YOUR GOAL >>
Please state the number of lines in the material below that contain "salon", with no other words.

DATA FOR THIS TASK >>
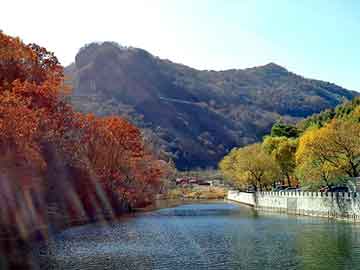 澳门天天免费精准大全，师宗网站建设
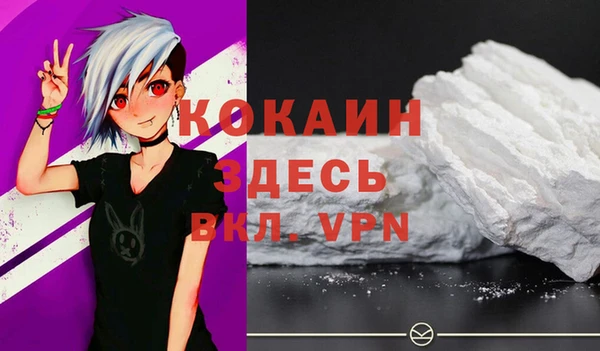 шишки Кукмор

---

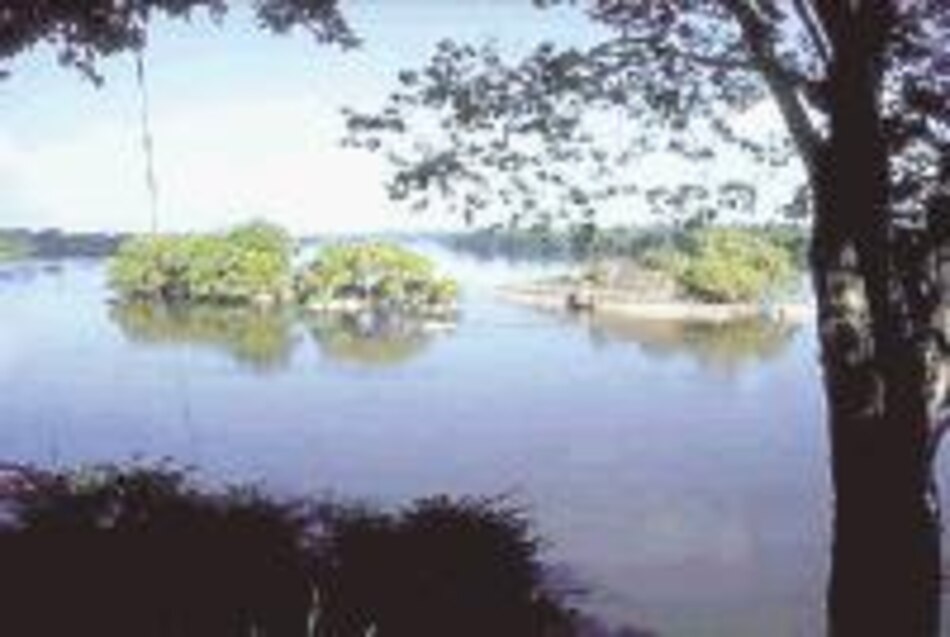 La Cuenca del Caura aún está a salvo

* * *

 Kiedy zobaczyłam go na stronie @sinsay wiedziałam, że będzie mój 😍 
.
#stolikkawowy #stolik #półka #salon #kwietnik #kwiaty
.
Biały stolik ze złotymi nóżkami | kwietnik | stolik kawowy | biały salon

EXERCISE RESULT >>
2